Prior to joining concrete units 21 and 23, and referring to FIG. 3 for clarity, an insert member 37 is threaded into tubular member 25 in concrete unit 21. Insert member 37 is made of steel and has an externally threaded portion 39 and an axial aperture or bore 41 which has an internal thread 43. A guide member 45 is threaded into tubular member 25 in concrete unit 23. Guide member 45 has a first threaded portion 47 which can be threaded into the end of tubular member 25 in concrete unit 23. Guide member 45 has a shaped end portion 49 which is preferably larger in diameter than threaded portion 47 forming a shoulder 51 which abuts the end of tubular member 25 when the guide member is threaded fully into position in the tubular member. Extending a short distance away from shoulder 51 is a circumferential shear band 53 which provides shear strength to the joint formed between the two concrete units. The shear band is approximately one-quarter inch in width. The shaped surface of the guide member then slopes toward an edge or face 55 which abuts or does not abut but is located proximate the insert member 37 when guide member 45 is inserted into concrete unit 21. Guide member 45 has an axial aperture or bore 57 which extends through the guide member and aligns with aperture 41 in insert member 37.

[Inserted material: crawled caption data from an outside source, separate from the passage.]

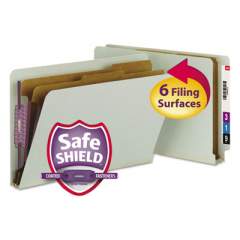 Smead End Tab Pressboard Classification Folders with SafeSHIELD Coated Fasteners, 2 Dividers, Legal Size, Gray-Green, 10/Box (29810)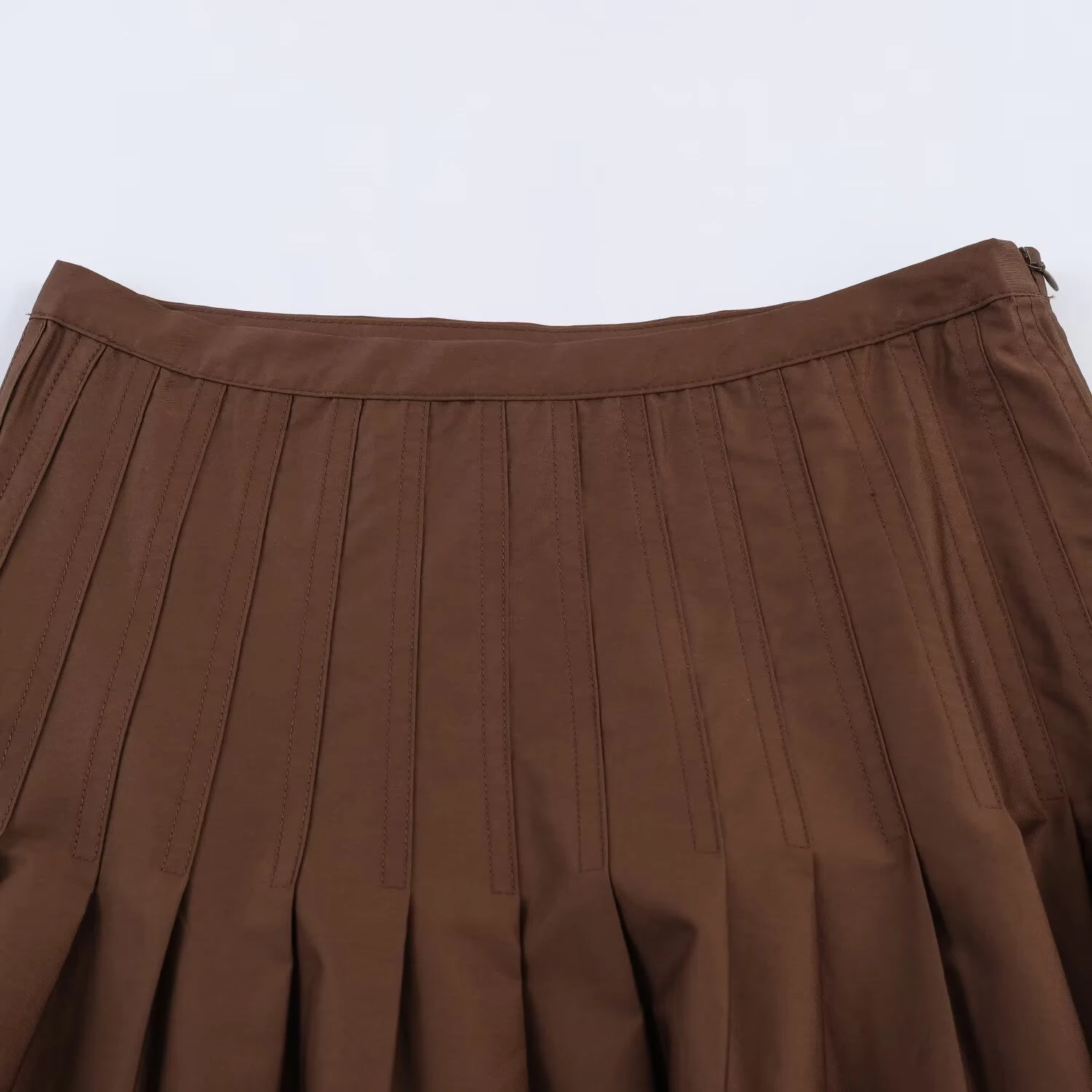 European and American style 2026 spring new product women's versatile high waisted pleated MIDI skirt half skirt
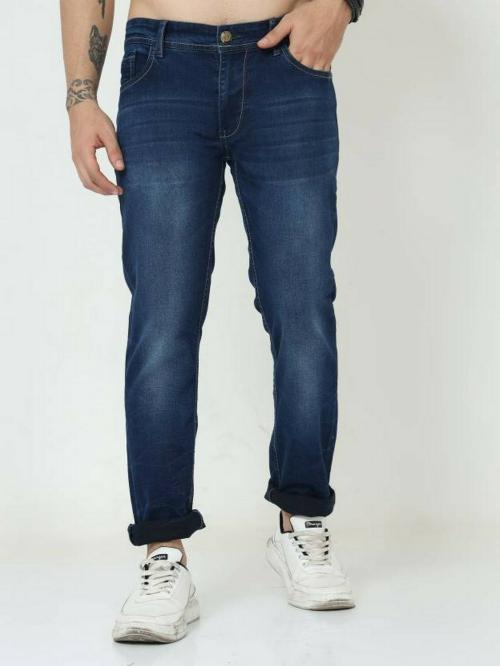 Vudu Men Dark Blue Solid Cotton Slim Jeans Size 32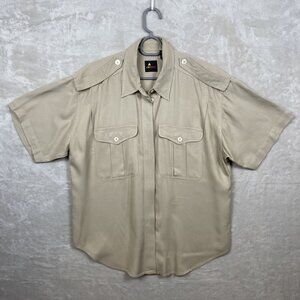 Lizsport Liz Claiborne Petites Short Sleeve Button-Up Shirt 100% Rayon Size S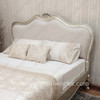 Silver Finish Chic Upholstered Bed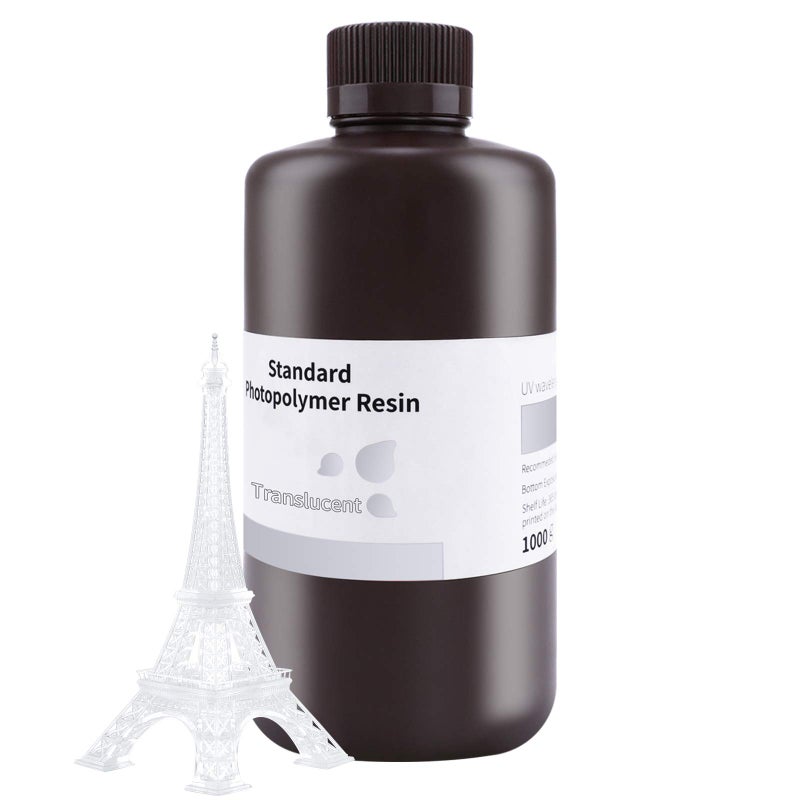 ELEGOO Standard LCD 3D Printer Resin, Fast UV-Curing 3D 405nm UV Resin Photopolymer Resin for High Precision Rapid LCD 3D Printing Translucent 1000G - Image 1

While it is preferred to employ internally threaded tubular members and threaded insert and guide members, it is within the scope of the present invention to use unthreaded members. Referring to FIG. 3, a port 48 is shown for providing access to the first portion of the guide member for welding it in place in the tubular member. A similar port can be provided for welding the insert member in place. The edge of the insert member can also be welded in place by reaching in through the open end of the tubular member with a welding rod. The axial shear bolt would still be used for joining the concrete units together.

Whether a threaded or smooth surfaced tubular member is used, it is important to keep the guide member from turning when the shear bolt is tightened. As can be seen in FIG. 3, when bolt 58 is tightened by turning in a clockwise direction, guide member 45 can unscrew out of the tubular member if it turns in the same direction. The rotation of the guide member 45 can be prevented by threading it tightly into the tubular member or by providing a reverse thread on guide member 45. Also, a small amount of adhesive can be used to glue the guide member in position. Also a small tack weld will hold it in place. A lock washer can also be used on the shear bolt between the insert member and the end of the guide member. While the lock washer can function to restrict rotation of the guide member, it is not preferred since it requires the use and handling of another part.

The concrete units are assembled moving from left to right, as shown in FIGS. 1 and 3. Insert member 37 is threaded into the end of tubular member 25 in concrete unit 21. Guide member 45 is threaded into the end of tubular member 25 in concrete unit 23. The concrete units are then brought together bringing end 49 of guide member 45 into the end of tubular member 25, in concrete unit 21. Face 55 on the guide member preferably abuts against or is otherwise positioned proximate the face of insert member 37. The axial passage 57 in guide member 45 aligns with axial passage 42 in insert member 37. A threaded bolt 58 is then inserted through tubular member 25 in concrete unit 23 and passes through guide member 45 to the internally threaded aperture in insert member 37. The bolt is then tightened to rarely join the two concrete units together. When the joint is bolted in place, the rubber gasket on one end of the concrete unit is compressed against the smooth end of the mating concrete unit to effect a fluid-tight face seal between the concrete units. Notably, the gasket seals the joint without being subjected to non-longitudinal loads such as shear loads or centering loads, and thus a longer lasting, more reliable sealed joint is achieved. After the joint is completed, another insert member 37 is threaded into the end of tubular member 25 in concrete unit 23 to prepare for the joining of the next concrete unit. In order to facilitate entry of the insert member; a slot 59 is provided in the face of the insert member into which a bladed tool can be inserted in order to easily rotate the insert member into position.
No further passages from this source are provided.